Desde hace milenios, la interacción entre el dolor físico y la percepción del mundo ha sido observado por filósofos y científicos. Sin embargo, pocos análisis sistémicos relacionan estas dos formas de abordar el tema del dolor desde una perspectiva médica, aunque ahora ya se propone esta complementariedad.1


En décadas recientes, la Asociación Americana de Psiquiatría y la Organización Mundial de la Salud introdujeron una taxonomía en el campo de la salud mental como un esfuerzo por clarificar la confusa semántica y terminar con el debate de las enfermedades psiquiátricas. La clasificación del Manual Diagnóstico y Estadístico (DSM) y la Clasificación Internacional de Enfermedades (ICD), actualmente en su cuarta y décima revisión respectivamente, abandonan el término de depresión endógena por una definición más favorable etimológicamente de depresión mayor.1
 

EL DOLOR EN LA DEPRESIÓN
 

La importancia del dolor con síntomas complejos, como son los de la depresión, fueron reconocidos paulatinamente desde hace 70 años.

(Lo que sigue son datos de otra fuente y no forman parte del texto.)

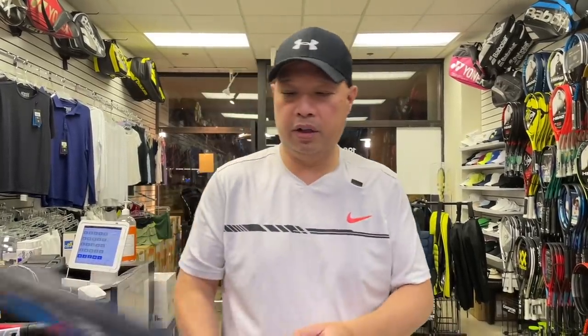All right guys, so on some of the tours that you've been with me at, like at Dick's Sports, at the Goodwill, I've kind of pointed out certain aspects of tennis rackets. I'm actually just going to show you today how to spot various types of rackets. So let's start with an aluminum racket.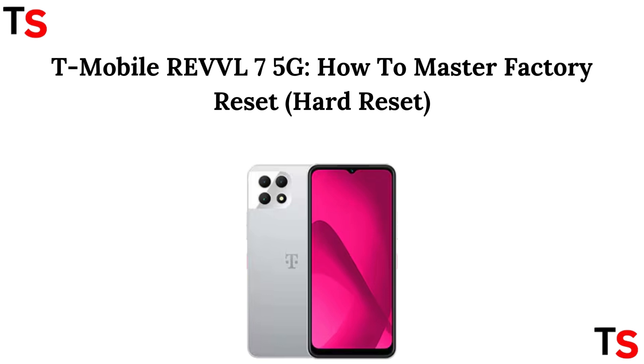Hello everyone. Need to do a factory reset on your T-Mobile Reveal 7 5G? I'll show you how to master the hard reset in just a few steps. Let's get started.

  • Entre los síntomas vegetativos y somáticos de los trastornos depresivos, el dolor se encierra en un segundo lugar justo después del insomnio.

  • El dolor incluye cefaleas, dolor facial, dolor de cuello y espalda, dolor pélvico, torácico, abdominal y de extremidad. Pueden ocurrir en el 50% de los trastornos depresivos.

  • En algunos casos, el sufrimiento relacionado al dolor domina el cuadro clínico de la enfermedad depresiva y ésta no es reconocida por meses o incluso años.1
     

DEPRESIÓN EN EL DOLOR
 

El reconocimiento internacional del dolor crónico como síndrome llevó a la fundación de la Sociedad Internacional para el Estudio del Dolor (IASP) en 1973. Desde entonces se ha documentado sistemáticamente las características del dolor agudo, recurrente y crónico, y descubierto las comorbilidades que influencian al respecto, como la depresión, la ansiedad, la ira, el déficit cognitivo, además de varias influencias psicosociales y socioeconómicas.1
 

La depresión es más común entre los pacientes con dolor crónico, que en la población saludable.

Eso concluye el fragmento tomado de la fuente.